Shellfish polyploid breeding techniques (2)

The polyploid type and genetic basis Polyploidy is quite common in higher plants. For example, about 1,000 or more species of flowering plants are polyploid, and they are more common in cultivated plants. Plants up to 75%. However, there are far fewer polyploids in the animal kingdom and fewer vertebrates [3]. Since Stanley induced the success of oyster triploids, polyploid breeding has become the most active research area in shellfish genetics and breeding. Many scholars at home and abroad have carried out a large amount of research on shellfish polyploid breeding and have made gratifying progress [4].
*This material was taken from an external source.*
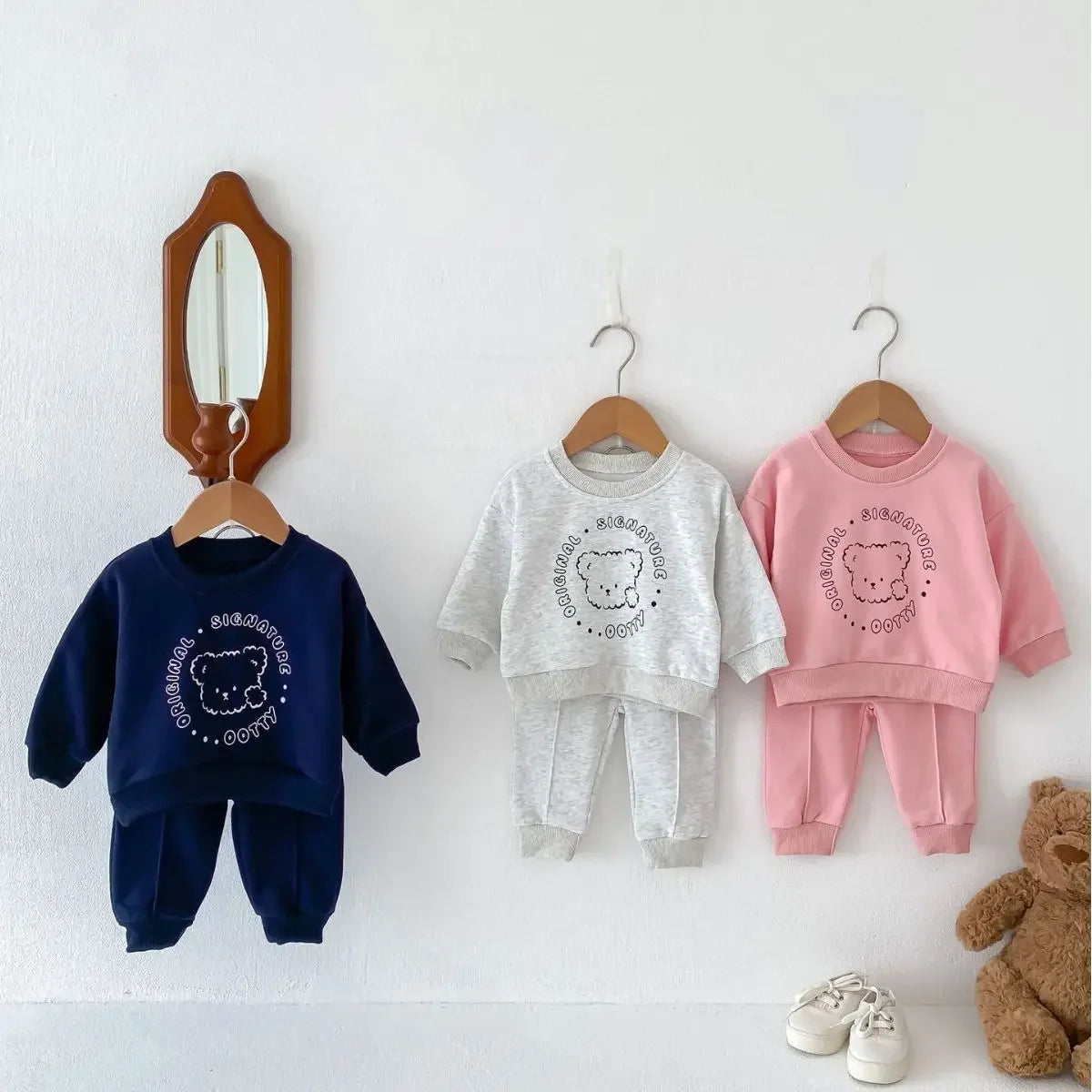 Spring New Baby Clothing Set, Korean Style Cute Bear Two-Piece Outfit for Kids, Long Sleeve Top & Pants Set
The types of polyploids are divided into natural polyploids and artificial polyploids based on their production methods; Homologous polyploids and allopolyploids are classified according to their chromosomal origin ( (Heterologous polyploid); According to chromosome number, it is divided into triploid, tetraploid, hexaploid, octoploid, and so on [3,5].
All organisms that contain a set of chromosomes in a somatic cell are called haploids and are represented by n. Two sets of chromosomes are called diploids, and 2n are used. Most of the organisms found in nature are diploids. Polyploids will form as a result of natural or human factors that increase the number of genomes in somatic cells. Shellfish sperm have completed two meiotic divisions prior to discharge to form haploid sperm, and eggs, especially bivalves, usually stop in the early or mid-stage of the first meiotic discharge. After meiosis is completed after fertilization or after activation, two polar bodies are released, and the male and female pronuclei are fused or combined to enter the first mitosis, ie cleavage. This delayed meiosis process provides favorable timing and conditions for the polyploid breeding of shellfish. To date, polyploidy studies have been performed in more than 30 species of shellfish using various methods [5,6].